In-Depth: Another major hurricane threatens the Gulf Coast

Weather Blog

Hurricane Delta continues its rapid intensification today and is forecast to strike Cancún, Mexico directly tonight before making landfall later this week on the northern Gulf Coast of the United States.

Delta developed a tight, compact inner core yesterday which has allowed it to take full advantage of ideal conditions including very warm sea surface temperatures, low wind shear, and high atmospheric moisture content. These conditions will still be in place through the day today, so rapid intensification is expected to continue. In fact, special rapid intensification probability forecasts are off the chart, with a greater than 50% chance of the storm gaining another 45 mph of wind speed in the next 24 hours.

Travel plans to resort towns including Playa del Carmen, Tulum and Cancún should be reconsidered as a category 4 hurricane strike early Wednesday morning appears imminent. A hurricane of this magnitude is capable of shutting down airports for days on end, eliminating cell phone service, and leaving areas without power and water for weeks or months.

As Delta intensifies to category 4 status today, it will become the strongest Greek-named storm on record, besting Hurricane Beta in 2005 with 115 mile-per-hour winds (Klotzbach, CSU).

Simulated forecast satellite image of Hurricane Delta early Wednesday morning, directly over Cancún (HWRF Model/Tropical Tidbits)
Forecast wind speed and pressure early Wednesday morning (HWRF Model/Tropical Tidbits)

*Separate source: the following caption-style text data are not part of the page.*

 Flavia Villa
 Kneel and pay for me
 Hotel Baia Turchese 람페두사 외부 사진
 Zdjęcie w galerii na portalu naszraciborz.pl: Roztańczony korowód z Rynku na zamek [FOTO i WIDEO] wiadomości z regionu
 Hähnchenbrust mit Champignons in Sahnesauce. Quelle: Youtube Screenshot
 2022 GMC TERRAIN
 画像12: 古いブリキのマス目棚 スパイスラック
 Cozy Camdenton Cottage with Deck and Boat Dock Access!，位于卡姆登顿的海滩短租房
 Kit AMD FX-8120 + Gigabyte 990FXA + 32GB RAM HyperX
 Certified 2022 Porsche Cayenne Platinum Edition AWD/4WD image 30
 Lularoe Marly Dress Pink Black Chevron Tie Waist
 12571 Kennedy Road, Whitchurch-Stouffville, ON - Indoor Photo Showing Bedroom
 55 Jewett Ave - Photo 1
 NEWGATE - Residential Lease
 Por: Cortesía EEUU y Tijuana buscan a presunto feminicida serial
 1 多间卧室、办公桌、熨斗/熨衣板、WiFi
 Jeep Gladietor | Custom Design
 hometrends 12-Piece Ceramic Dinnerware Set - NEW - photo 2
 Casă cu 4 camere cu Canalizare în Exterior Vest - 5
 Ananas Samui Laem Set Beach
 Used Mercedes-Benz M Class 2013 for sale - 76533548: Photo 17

Though interactions with land over the Yucatan Peninsula will briefly weaken Delta, the storm will then reemerge into a favorable environment in the Gulf of Mexico late Wednesday and Thursday as it moves west-northwestward.

It may regain category 4 strength at that time with winds returning to 130+ miles per hour.

Simulated forecast satellite image of Hurricane Delta on Thursday over the Gulf (HWRF Model/Tropical Tidbits)

A bit of good news, however, for hurricane-weary Louisiana and other sections of the coast threatened by Delta: we do expect the storm to weaken prior to landfall.

As Delta approaches the Gulf Coast, it will begin to encounter higher vertical wind shear, attempting to tear the storm apart. Also, after multiple early-season cold fronts and cold upwelling from previous tropical storms, it will encounter cooler than normal sea surface temperatures in the 24 hours prior to landfall.

This less-conducive environment is expected to take a toll on the storm, though it may still make landfall on the northern Gulf Coast Friday or Saturday as a significant category 2 or 3 storm.

Official National Hurricane Center forecast track for Hurricane Delta. Sea surface temperatures also shown, with blue = cooler than normal waters.
Simulated forecast satellite of Hurricane Delta approaching landfall on Friday (HWRF Model/Tropical Tidbits)

With Hurricane Delta’s landfall somewhere in the U.S. now a near-certainty, this would be the 10th landfalling tropical storm or hurricane of the season thus far. The U.S. has never before seen 10 landfalling tropical storms/hurricanes in one season (previous record was 9 landfalls in the year 1916).